Get out of the weeds and into the ROI with your social media marketing metrics. Read to see which metrics really matter so you can work smarter.

Social media is a jungle of metrics. Not only does each platform have its own set of metrics, but even if they happen to use the same terms, different platforms often define those terms differently.

Because we’re all comparing “apples to oranges” so often, it’s no wonder that so few marketers know if their social media work generates a return on investment.

According to Social Media Examiner’s 2017 Social Media Marketing Industry Report, only 38% know their return on investment – a figure that’s actually gone down in recent years according to this particular study. 

Measuring Social Media ROI - results

The upside here, of course, is that nearly four out of ten social media marketers do know whether or not they’re getting positive returns on their work or not.

It can be done!
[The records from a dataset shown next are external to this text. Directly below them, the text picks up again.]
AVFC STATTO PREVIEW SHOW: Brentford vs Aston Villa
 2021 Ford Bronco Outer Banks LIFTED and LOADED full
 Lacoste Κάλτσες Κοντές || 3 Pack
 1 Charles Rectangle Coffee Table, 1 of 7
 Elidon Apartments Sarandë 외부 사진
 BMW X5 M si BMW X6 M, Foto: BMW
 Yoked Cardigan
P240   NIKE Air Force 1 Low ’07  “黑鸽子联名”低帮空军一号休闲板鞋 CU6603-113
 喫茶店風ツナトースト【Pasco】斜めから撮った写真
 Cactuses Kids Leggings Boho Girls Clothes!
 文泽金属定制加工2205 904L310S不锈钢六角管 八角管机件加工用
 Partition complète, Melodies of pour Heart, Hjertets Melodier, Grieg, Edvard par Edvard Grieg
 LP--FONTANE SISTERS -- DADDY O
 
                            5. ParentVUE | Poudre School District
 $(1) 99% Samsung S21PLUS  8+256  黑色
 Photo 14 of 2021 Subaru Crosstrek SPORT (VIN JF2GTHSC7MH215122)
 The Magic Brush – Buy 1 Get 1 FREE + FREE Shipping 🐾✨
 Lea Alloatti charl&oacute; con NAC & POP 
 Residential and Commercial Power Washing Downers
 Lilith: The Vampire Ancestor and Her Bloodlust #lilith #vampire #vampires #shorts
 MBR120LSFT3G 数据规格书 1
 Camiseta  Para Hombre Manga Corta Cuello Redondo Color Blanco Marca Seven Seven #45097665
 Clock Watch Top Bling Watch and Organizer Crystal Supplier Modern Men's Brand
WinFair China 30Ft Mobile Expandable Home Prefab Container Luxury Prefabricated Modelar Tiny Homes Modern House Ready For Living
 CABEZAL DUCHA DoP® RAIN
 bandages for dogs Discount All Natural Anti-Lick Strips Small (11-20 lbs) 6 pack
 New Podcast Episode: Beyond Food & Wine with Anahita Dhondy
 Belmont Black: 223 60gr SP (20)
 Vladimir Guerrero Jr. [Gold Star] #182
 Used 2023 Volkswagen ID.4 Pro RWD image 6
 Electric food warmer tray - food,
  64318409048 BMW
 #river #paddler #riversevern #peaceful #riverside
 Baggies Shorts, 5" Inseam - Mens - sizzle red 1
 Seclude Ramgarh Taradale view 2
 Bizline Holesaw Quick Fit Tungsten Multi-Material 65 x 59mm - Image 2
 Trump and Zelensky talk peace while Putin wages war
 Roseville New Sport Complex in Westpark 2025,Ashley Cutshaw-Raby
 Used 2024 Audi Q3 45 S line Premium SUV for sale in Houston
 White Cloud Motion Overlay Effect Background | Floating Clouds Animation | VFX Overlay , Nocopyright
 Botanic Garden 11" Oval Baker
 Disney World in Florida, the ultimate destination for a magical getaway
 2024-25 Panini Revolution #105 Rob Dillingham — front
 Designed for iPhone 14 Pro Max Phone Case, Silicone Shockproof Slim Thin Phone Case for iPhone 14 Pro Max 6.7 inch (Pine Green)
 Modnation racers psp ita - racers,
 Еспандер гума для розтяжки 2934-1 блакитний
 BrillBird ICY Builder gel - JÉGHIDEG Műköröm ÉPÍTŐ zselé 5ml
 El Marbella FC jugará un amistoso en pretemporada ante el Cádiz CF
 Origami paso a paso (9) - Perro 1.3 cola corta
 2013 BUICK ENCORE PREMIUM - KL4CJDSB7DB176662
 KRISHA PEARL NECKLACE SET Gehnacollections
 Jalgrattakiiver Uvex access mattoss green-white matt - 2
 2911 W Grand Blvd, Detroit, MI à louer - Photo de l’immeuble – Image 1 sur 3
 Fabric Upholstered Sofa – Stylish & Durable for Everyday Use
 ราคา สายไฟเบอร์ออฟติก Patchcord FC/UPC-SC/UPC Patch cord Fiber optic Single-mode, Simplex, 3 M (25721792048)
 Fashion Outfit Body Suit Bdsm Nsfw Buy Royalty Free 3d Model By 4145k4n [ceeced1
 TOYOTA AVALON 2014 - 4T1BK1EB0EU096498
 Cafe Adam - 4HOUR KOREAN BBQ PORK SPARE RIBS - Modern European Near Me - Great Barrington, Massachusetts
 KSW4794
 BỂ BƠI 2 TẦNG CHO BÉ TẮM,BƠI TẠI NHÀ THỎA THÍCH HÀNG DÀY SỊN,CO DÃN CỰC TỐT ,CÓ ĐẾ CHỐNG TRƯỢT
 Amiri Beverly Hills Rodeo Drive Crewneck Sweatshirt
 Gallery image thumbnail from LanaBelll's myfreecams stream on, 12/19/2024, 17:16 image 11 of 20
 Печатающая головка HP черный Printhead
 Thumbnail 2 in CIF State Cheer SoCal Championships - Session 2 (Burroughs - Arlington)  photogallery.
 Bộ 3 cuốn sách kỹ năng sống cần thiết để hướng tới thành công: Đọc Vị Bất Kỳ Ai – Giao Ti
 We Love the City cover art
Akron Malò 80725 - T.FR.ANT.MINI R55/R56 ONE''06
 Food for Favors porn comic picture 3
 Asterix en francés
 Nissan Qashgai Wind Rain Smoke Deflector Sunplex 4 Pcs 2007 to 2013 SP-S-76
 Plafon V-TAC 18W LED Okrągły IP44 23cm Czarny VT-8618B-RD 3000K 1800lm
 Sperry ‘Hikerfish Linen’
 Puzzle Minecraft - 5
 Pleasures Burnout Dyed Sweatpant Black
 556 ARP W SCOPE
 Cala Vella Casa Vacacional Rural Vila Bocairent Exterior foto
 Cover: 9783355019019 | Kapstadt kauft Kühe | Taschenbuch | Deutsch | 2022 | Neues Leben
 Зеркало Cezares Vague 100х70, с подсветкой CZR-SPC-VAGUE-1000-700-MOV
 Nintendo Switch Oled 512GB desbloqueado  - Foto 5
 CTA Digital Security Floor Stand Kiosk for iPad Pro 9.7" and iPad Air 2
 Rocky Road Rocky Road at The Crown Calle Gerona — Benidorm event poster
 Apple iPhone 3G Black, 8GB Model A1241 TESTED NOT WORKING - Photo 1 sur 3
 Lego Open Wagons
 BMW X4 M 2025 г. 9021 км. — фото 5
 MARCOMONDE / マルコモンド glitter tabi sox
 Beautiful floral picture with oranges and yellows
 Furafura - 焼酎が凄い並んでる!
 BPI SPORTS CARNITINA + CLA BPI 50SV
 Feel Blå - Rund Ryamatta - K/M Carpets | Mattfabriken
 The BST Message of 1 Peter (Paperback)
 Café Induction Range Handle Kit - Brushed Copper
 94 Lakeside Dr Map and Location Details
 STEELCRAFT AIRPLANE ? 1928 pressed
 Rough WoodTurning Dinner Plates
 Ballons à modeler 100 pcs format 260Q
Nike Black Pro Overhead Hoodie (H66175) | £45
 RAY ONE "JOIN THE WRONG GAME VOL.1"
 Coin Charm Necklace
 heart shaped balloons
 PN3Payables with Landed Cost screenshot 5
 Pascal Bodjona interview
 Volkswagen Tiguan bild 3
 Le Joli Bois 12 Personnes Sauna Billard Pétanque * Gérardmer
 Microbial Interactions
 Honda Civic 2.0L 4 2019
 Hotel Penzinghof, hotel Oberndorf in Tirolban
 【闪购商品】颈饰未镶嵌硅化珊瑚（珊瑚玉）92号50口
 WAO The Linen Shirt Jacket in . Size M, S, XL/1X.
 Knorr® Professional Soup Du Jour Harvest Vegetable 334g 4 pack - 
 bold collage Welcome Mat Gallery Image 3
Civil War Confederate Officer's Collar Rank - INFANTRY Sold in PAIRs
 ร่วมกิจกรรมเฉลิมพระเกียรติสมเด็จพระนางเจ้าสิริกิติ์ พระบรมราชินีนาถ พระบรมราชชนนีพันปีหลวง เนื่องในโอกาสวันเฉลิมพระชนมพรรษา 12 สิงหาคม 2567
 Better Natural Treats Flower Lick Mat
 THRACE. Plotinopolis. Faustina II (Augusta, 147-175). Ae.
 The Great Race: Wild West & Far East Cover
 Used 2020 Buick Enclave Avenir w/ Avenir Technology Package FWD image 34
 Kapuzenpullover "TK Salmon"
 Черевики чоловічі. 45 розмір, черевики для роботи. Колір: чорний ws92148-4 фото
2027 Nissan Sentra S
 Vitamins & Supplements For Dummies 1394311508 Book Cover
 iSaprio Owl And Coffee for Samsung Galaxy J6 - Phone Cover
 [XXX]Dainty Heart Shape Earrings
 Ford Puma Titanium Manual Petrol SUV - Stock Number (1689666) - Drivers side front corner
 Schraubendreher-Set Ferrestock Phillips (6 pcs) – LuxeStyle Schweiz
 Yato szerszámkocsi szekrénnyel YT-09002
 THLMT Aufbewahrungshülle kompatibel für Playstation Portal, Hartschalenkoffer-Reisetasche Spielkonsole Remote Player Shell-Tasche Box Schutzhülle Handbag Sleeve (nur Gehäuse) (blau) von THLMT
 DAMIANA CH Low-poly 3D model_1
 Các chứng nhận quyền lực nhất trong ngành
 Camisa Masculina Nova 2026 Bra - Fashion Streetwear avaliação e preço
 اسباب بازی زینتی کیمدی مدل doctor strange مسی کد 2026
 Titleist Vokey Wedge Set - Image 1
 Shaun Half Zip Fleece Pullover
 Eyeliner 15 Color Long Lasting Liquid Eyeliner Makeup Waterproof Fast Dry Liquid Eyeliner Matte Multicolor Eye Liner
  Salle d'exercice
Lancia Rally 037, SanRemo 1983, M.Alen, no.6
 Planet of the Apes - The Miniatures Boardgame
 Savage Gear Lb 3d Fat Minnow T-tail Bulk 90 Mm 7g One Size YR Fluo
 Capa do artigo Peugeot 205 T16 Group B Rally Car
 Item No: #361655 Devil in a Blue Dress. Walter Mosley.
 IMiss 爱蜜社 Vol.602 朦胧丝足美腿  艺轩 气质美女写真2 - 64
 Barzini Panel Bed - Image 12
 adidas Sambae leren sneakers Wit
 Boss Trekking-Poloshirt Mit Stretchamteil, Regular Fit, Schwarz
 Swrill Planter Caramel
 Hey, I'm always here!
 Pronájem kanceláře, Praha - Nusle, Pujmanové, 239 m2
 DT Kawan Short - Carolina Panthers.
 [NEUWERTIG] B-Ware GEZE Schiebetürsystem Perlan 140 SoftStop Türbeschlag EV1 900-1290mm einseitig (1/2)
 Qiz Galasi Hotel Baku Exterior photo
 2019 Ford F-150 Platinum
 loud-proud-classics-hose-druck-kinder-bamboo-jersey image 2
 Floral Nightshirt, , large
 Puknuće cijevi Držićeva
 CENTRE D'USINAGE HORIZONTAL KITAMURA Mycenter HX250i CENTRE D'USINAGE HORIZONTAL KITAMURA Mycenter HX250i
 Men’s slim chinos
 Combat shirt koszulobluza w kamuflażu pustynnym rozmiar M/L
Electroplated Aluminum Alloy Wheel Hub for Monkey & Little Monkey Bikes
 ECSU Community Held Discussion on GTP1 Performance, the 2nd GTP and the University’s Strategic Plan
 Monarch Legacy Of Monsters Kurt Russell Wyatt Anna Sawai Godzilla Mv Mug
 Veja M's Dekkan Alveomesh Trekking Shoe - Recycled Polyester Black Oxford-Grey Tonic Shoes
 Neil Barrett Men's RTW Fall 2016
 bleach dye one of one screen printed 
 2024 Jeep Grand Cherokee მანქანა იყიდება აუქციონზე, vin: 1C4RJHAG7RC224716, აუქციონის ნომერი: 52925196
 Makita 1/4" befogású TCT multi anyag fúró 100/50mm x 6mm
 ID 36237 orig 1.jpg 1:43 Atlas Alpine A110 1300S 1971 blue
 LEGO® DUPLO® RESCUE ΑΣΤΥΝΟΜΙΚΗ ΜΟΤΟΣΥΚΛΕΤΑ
And there are plenty of ways marketers measure their success.

According to Ascend2, these are the goals that social media marketers most want to achieve:

The goals of a social media marketer

This gives us a pretty good framework to use for sorting social media metrics. We know that ROI can indeed be measured (it’s hard to do, sure, but it is doable), and we know what we want to achieve – those goals from the chart above. That tells us a lot about which metrics really matter.

But it’s not the only way to sort metrics. In a webinar from Forrester Research, the “Top 3 Pillars of Social Measurement”, Forrester Researcher Samantha Ngo explains there are three types of social media metrics in her view:

  • Metrics that track social media content performance
  • Metrics that track social media marketing performance
  • Metrics that track social media business performance

This is a smart way to cut this jungle of metrics down to size. It also neatly separates the different levels of success for social media.

So here are twenty critical metrics to track in your social media work, ranked in order of importance.

Let’s start with business-related metrics.

Business metrics

  1. Return on investment.

Yes, it’s hard to quantify. Yes, most social media marketers can’t do it. But ROI is the holy grail of social media metrics. If you can get it, or even get a good approximation of it, more power to you.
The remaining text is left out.